Corruption en Afrique : Mo Ibrahim en colère

Mo Ibrahim fustige les complices de la corruption en Afrique.
Image caption Mo Ibrahim, 70 ans, est un philanthrope, milliardaire anglo-soudanais qui a bâti sa fortune (plus de 2 milliards de dollars) sur la téléphonie mobile.

Du 6 au 9 avril s'est tenu à Marrakech, dans le sud du Maroc, le forum de la Fondation Mo Ibrahim qui célébrait son dixième anniversaire.

L'homme d'affaires anglo-soudanais a saisi cette occasion pour dénoncer le comportement de certains hommes politiques et hommes d'affaires français qui seraient selon lui, à la base de la corruption en Afrique.

"Il faut se demander qui sont les complices de la corruption en Afrique, ces hommes d'affaires qui corrompent les leaders africains.

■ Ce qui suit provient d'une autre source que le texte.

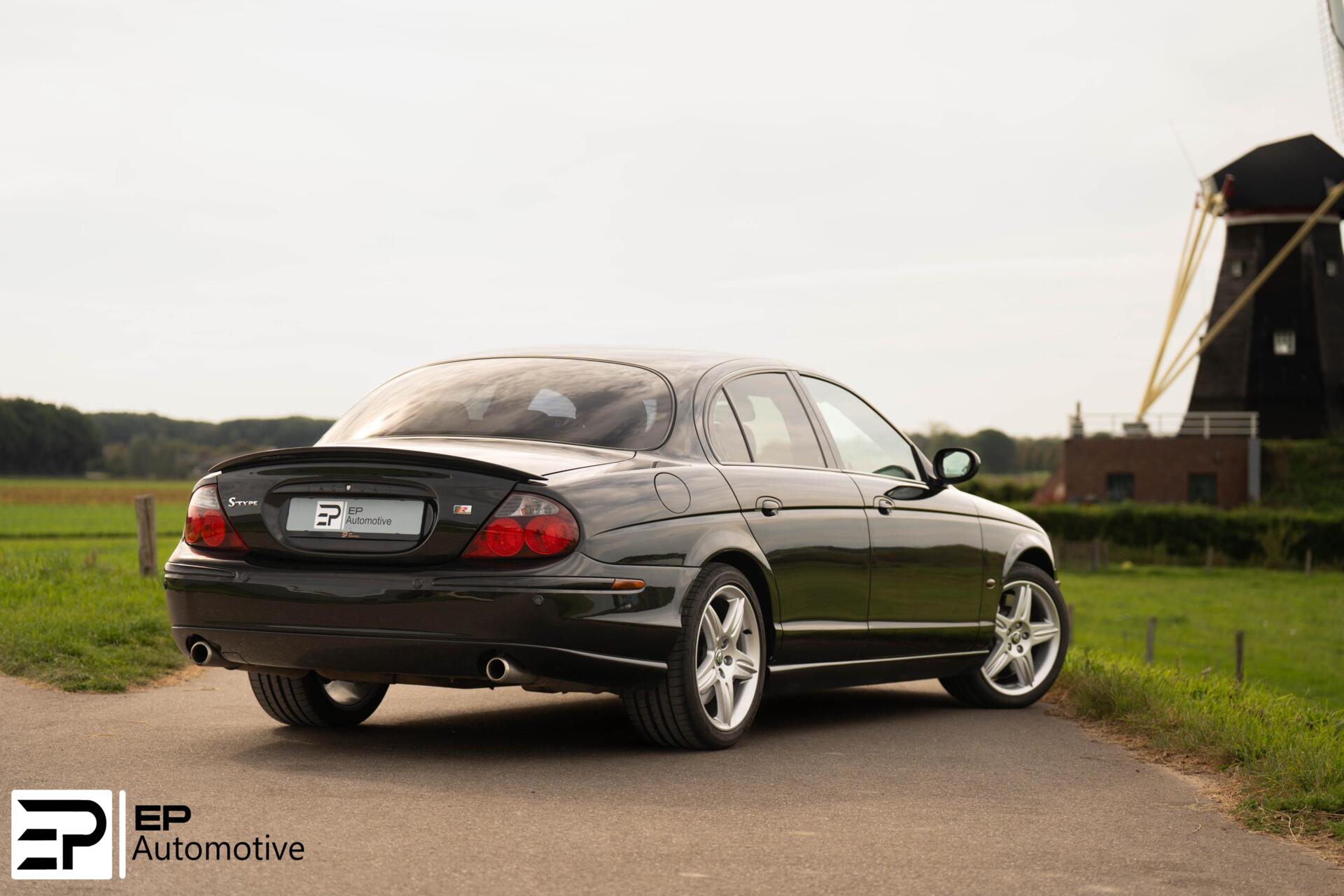 Foto van Jaguar S-type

La France a introduit des lois anti-corruption il y a soixante ou soixante-dix ans.

Mais combien de Français impliqués dans des affaires de corruption en Afrique sont passés devant des tribunaux? Zéro. Les leaders africains se corrompent-ils seuls?"

A ironisé l'ancien magnat des télécommunications, aujourd'hui âgé de 70 ans.

Pour lui le développement du continent africain doit impérativement passer par le respect de l'Etat de droit, la sécurité des citoyens, le développement équitable, la qualité de la santé et le respect des droits des Africains, indépendamment de leur sexe, de leur ethnie, de leur religion ou de leur orientation sexuelle.

Chaque année, personnalités politiques et celles du monde des affaires, se réunissent pour le week-end de la Fondation Mo Ibrahim afin d'identifier les enjeux politiques clés du continent.

Parmi les participants, figuraient notamment le milliardaire nigérian Aliko Dangote, l'ancien secrétaire général de l'ONU Kofi Annan, le patron de la Banque africaine de développement Akinwumi Adesina ou encore l'ancien président allemand Horst Köhler.